There is nothing really wrong. I broke my ankle two years ago, got a pin put in. When the weather turns my ankle aches. And sometimes my ankle just aches so at the end of most days I watch Netflix and do an ice heat therapy. All day I have this ankle with me. I flex. I make the alphabet with my toes pointed. I stand on tiptoes, rock back on my heel. The idea is to stretch and strengthen my whole lower leg, strengthen my arch, all the little muscles between my metatarsals. The idea is to always be aware I have a leg and ankle. 

I also have a dog I cannot forget about.

I work on Petz, an app you probably know.

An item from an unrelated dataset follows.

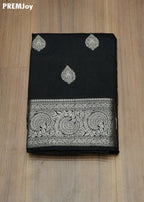 Black saree with white embroidery on a wooden surface, PREMJoy brand visible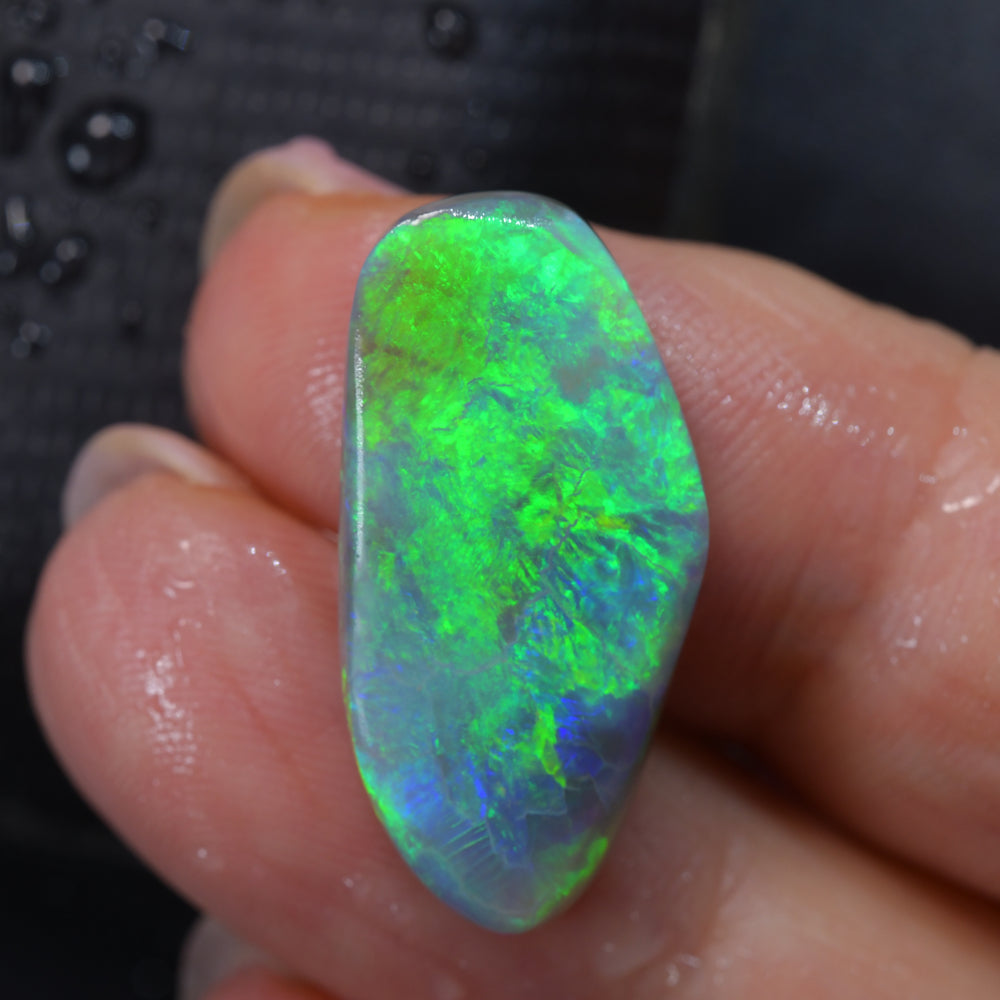 Lightning Ridge rough opal rub with bright green colour play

It’s like a dayplanner for your furbaby but possibly worse because the whole thing is meant to discover patterns to suggest a new diet or walking route or play thing for you pet but what happens is that if you don’t update Petz like every twenty minutes you get a notification. And after three dings the notification is accompanied by puppy eyes. I wrote that and I am sorry. But most users love this. It’s like Facebook or Instagram for furbabies except furbabies cannot open the app with their tiny claws so we’re all really guessing that Moofie loves the organic vegan chewy.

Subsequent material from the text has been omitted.